Bütün siyasi partilerin TBMM'de temsil edilmesini istediklerini dile getiren Kılıçdaroğlu, yüzde 1 oy alan parti genel başkanının bile TBMM'de olması gerektiğine vurgu yaptı. Kemal Kılıçdaroğlu, bunun için gerekirse TBMM'de "Türkiye milletvekilliği" diye ayrı bir bölüm açılabileceğini, yüzde 1 oy alana 1, yüzde 2 oy alana 2 milletvekili verilebileceği önerisinde bulundu.

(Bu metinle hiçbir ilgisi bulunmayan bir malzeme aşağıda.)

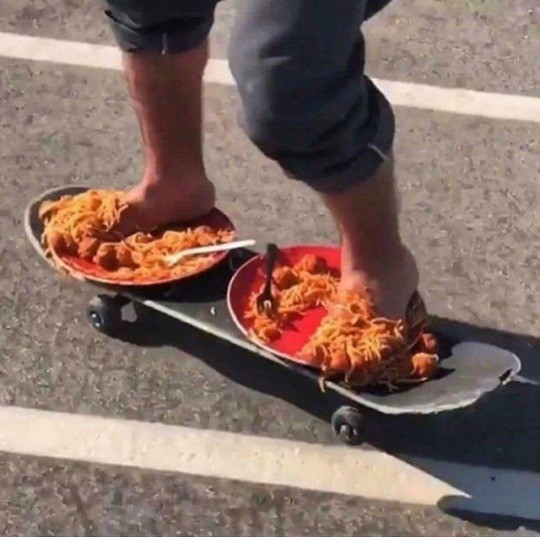 Skateboarding with plates of spaghetti for shoes.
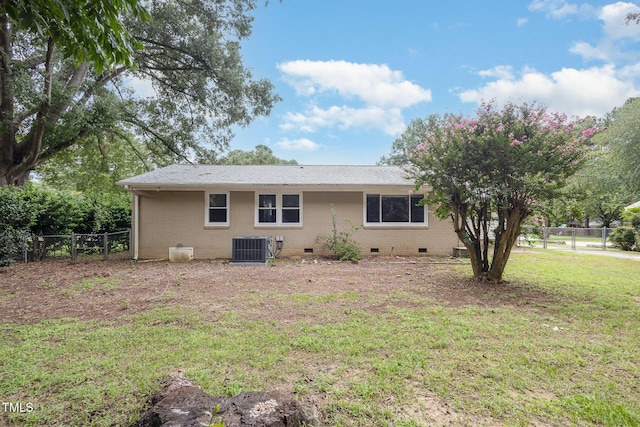 back of house with crawl space, a lawn, central AC, and fence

CHP Genel Başkanı Kemal Kılıçdaroğlu, şöyle devam etti: 

"Erdoğan darbe hukukunun arkasına sığındığı için ve darbecilerin getirdiği yasaları ek yasalarla tahkim ettiği için yeni bir siyasi partinin Parlamento'ya gelmesini istemiyor. İYİ Parti için de kumpas kurdular, seçimlere girmemesi için altyapı oluşturdular ama biz onu kırdık. Şimdi büyük bir ihtimalle Deva ya da Gelecek Partisi için böyle bir kumpas kurulursa biz demokrasiye kurulan kumpası bozmakla görevliyiz. Bunu vicdani, ahlaki ve bir demokrasi görevi olarak kabul ediyoruz. O partilerin tamamı bizim rakibimiz ama demokrasilerde rekabet ahlaki kurallar içinde, eşit kurallar olmalı. Bir iktidar partisi, muhalefet partilerine, seçime girecek bir partiye kumpas kurup, 'Onu acaba demokrasinin, siyasetin dışına nasıl atabilirim.' arayışına giriyorsa korkudan giriyordur. Biz 'Milletvekili vereceğiz, şunu yapacağız, bunu yapacağız' diye bir taahhütte bulunmadık. Böyle bir şey doğru da değil zaten. Ben Gelecek Partisinin Genel Başkanıyla da Deva Partisinin Genel Başkanıyla da bu konuları hiç konuşmadım. Sadece sorular üzerine yanıt verdim. Eğer demokrasiye karşı böyle bir kumpas kurulursa bu kumpası çözmek bizim görevimizdir. Bu aynı şekilde İYİ Parti'nin de Saadet Partisinin de Demokrat Partinin de görevidir. Eğer bir siyasal parti halkın oyuna başvurmak istiyorsa en büyük hakem halksa seçmense bırakın seçmen kimi tercih ediyorsa etsin. Bundan niye korkuyorsunuz? Çünkü iktidardan gideceklerini biliyorlar. Millet İttifakı olarak bunları göndereceğiz."